Consumers eating more sweet corn
Sweet corn production has increased by around five per cent since 2010-11, despite the number of growers decreasing in the same time period, according to the latest ‘Veggie Stats’ figures.
The figures reveal that, despite sweet corn production increasing from 70,808 tonnes in 2010-11 to 74,483 tonnes in 2013-14, the gross value of the sweet corn industry has marginally decreased over the same time period. ABS data has also illustrated that the number of sweet corn growers has decreased by 38 per cent since 2010-11.
“Sweet corn production has increased over the last few years despite the decrease in the number of growers in the sweet corn industry,” said AUSVEG Economist Steve Razdan.
“This indicates that the sweet corn industry is following a similar trend to other vegetable commodities and transitioning to a situation where a smaller number of larger growers produce a larger proportion of sweet corn.”

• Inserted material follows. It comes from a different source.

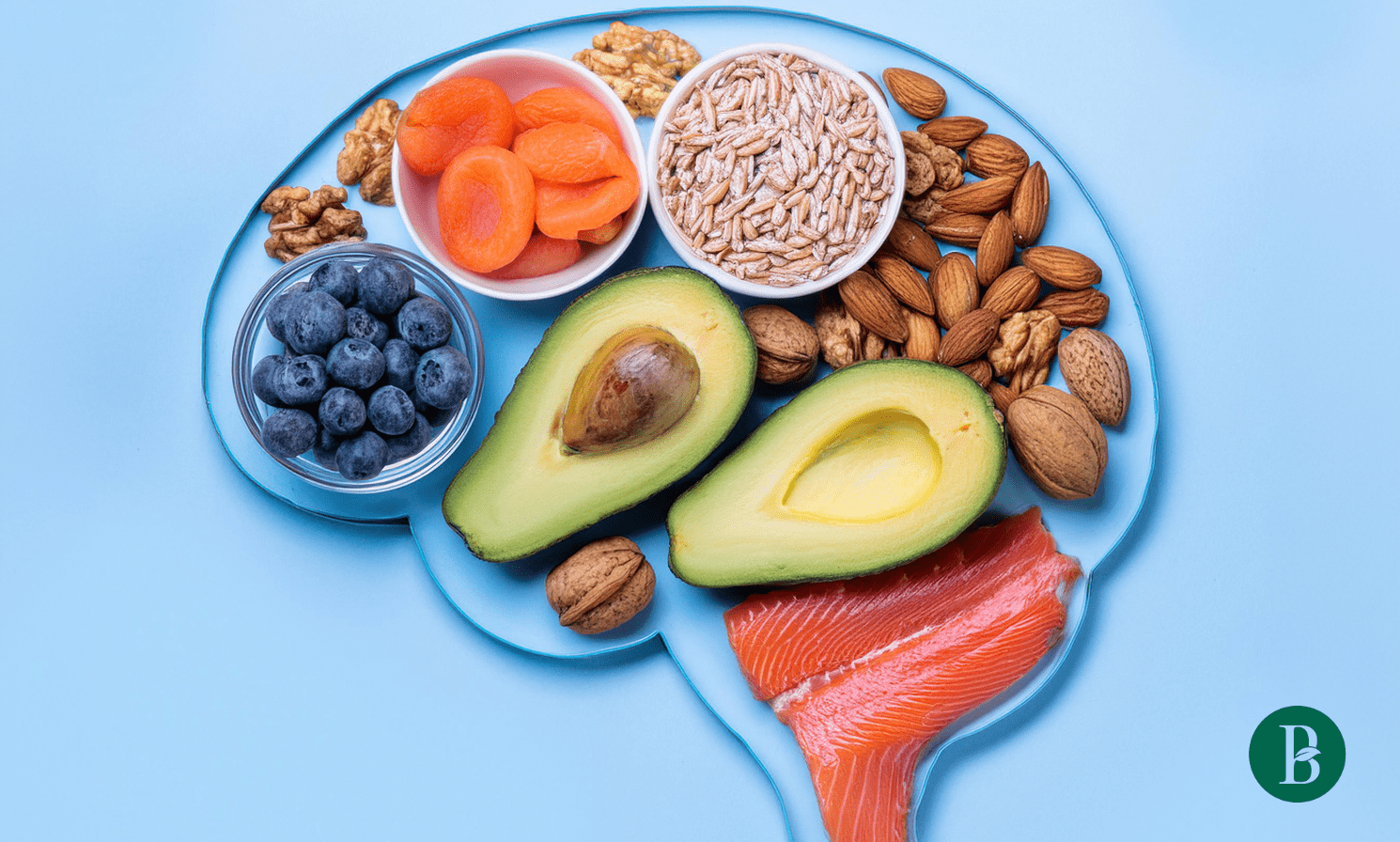 The Gut-Brain Axis and Its Link to Depression in Winter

“This situation may still potentially benefit remaining sweet corn growers as overall profits are being shared between fewer growers, despite the overall value of the industry decreasing marginally.”
AUSVEG is the leading horticultural body representing more than 9,000 Australian vegetable and potato growers.
There is also good news for growers looking to develop markets, with frozen sweet corn exports valued at over $2.5 million, having grown more than five-fold since 2009-10.
“Sweet corn exports, particularly frozen exports to Japan, have given sweet corn growers an additional market for their produce. The rapid rise of exports to this region shows a strong sign that growers can increase their production even more into the future, thereby increasing the value of the industry,” said Mr Razdan.
“Since 2012-13 alone, the export value of frozen sweet corn has increased by 84 per cent, with Japan accounting for 94 per cent of the total value of exports.”
“We are finding that some Asian markets are increasing their demand for Australian vegetables, such as sweet corn, with larger growers able to meet this demand.”
“Recent Free Trade Agreements are also an important step to potentially increase vegetable exports, and we encourage all growers capitalise on the increasing demand for clean, green and safe Australian vegetables.”
“The knowledge gained through Veggie Stats, including export opportunities for Australian vegetable growers, has further cemented the importance of industry research and development projects that might enable growers to improve their bottom line.”
AUSVEG has developed a series of Veggie Stats documents to profile different commodities. Veggie Stats studies are currently being featured in each issue of the industry magazine, Vegetables Australia, with sweet corn featuring in the latest edition.
Veggie Stats uses data compiled from the Australian Bureau of Agricultural and Resource Economics and Sciences (ABARES) and the Global Trade Atlas. The research has been funded by Horticulture Innovation Australia using the National Vegetable Levy and funds from the Australian Government.